MIGUE, EL GITANILLO, Y «LAS AVENTURAS DE HUCKLEBERRY FINN»

Ilustración de E.W. Kemble para la edición de «Las aventuras de Huckleberry Finn», 1884.

—Niño, ¡discúlpate! —dijo la madre en cuanto abrí la puerta.

—¿Por qué? ¿Qué sucede? —quise saber sorprendida.

—Me se dijo que fue él quien se llevó el libro —respondió, avergonzada, la gitana.

—¿De qué raza es? —preguntó el chaval, que estaba vigilante a pesar de tener la vista clavada en el suelo.

—¡Eh…!, muchacho, devuelve el libro y discúlpate de una vez. No tengo todo el día…

—Ya lo he hecho, madre. ¿De qué raza es el perro? —insistió, señalándolo.

—Es un fox terrier. Venga… —dije—, entremos en casa.

—Es lindo —y el perro, como si comprendiera, le agitó la cola.

—¿Y bien…? ¿Por qué te lo llevaste, Migue?

—¿El qué…?

—El libro —expresé.

—Ah, no sé —respondió y movió los hombros—. Me gustó el dibujo.

—¿Lo leíste?

—Bueno… a ratos.

—¿Y…?

—Va de un chico que se come muchos marrones y tiene un amigo negro —dijo con voz clara, posando la vista en mí.

—¡Esa boca, Migue! ¡Esa boca…! —le reprendió la madre.

—Señora, ¿tiene una Coca Cola?

—Venga, que nos vamos —cogiéndolo del brazo, la madre lo arrastró hacia la puerta—. Lo que me faltaba, que ahora el muchacho me saliera pedigüeño.

—¡Uy…, mama, que me hace daño!

—Si subes a casa te preparo un cafecito de esos que te gustan tanto —me convidó la gitana.

—En un ratito me acerco —afirmé, preguntándole al joven si todavía deseaba esa Coca Cola.

—Bueno, pero si está bien fresquita, porque si no… ¡no lo quiero! —contestó y, mirando Las aventuras de Huckleberry Finn, me preguntó—: ¿Me lo regala, o qué?

—¡Hum…!, eso depende, Migue.

—La verdad… lo prefiero regalado. No se lo puedo comprar —afirmó sin titubear.

—¡Ay, Dios bendito! ¿Y yo qué hago con este chico? ¡Serás…! Anda, vámonos antes de que te caiga la del pulpo. ¡Ya verás, ya verás, cuando lleguemos…!

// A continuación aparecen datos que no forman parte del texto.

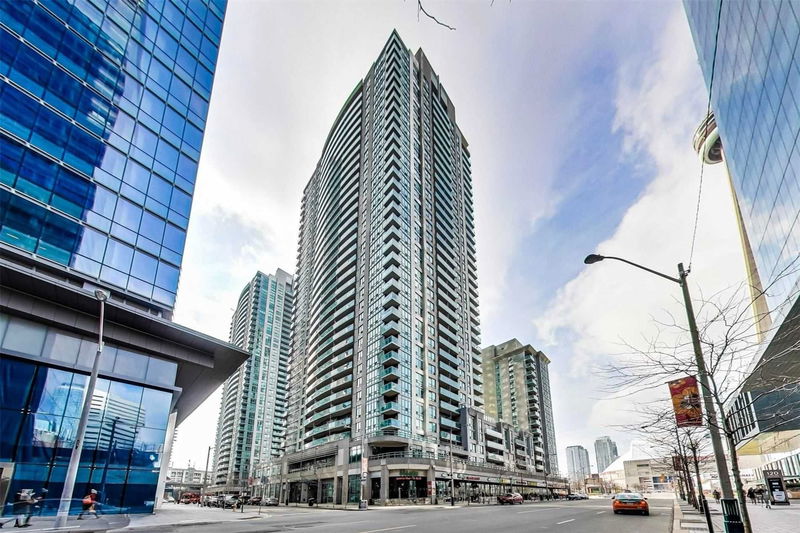 Preview image for 30 Grand Trunk Cres #809, Toronto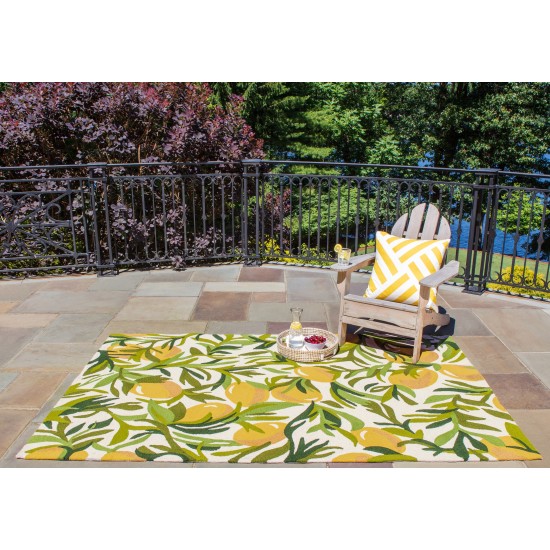 Rug, Momeni, Veranda, VR-76, Green, 2' X 3', 42549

Y madre e hijo marcharon por la cuesta polvorienta bajo el sol  sin brisa del verano madrileño.

Migue se llevó consigo la Coca Cola y la edición de Las aventuras de Huckleberry Finn que había sustraído de mi biblioteca tiempo atrás. Una publicación antigua, con tapas duras y muchos grabaditos en blanco y negro.

La anécdota que cuento tiene algunos años. Hoy el chico es un hombre que sigue guardando el libro que le regalé, ese volumen donde un muchacho y un negro esclavo se comen un sinfín de marrones y planean aventuras animados por los cuchicheos del río Mississippi.

Por cierto, la novela de Twain no es la única que Migue leyó, pues pasaba por casa en busca de nuevos títulos —entonces Andrés y yo vivíamos en una finca que, con los años, fue rodeándose de chabolas hasta convertirse en un asentamiento gitano. Fue una época muy linda que me enseñó muchas cosas que desconocía y me regaló muy buenos amigos—.  Migue, cuando se produjo esta anécdota, tenía trece años y acompañaba a su padre a reciclar el  papel y el cartón que los comercios dejan en las aceras cuando echan los cierres. Migue siempre encontró tiempo para una nueva aventura. Hoy en día es padre de familia y sigue viviendo de la busca.

Esta historia me enseñó a captar las señales que otros me envían. Los nombres que menciono… me nombran. Y esa es mi recompensa.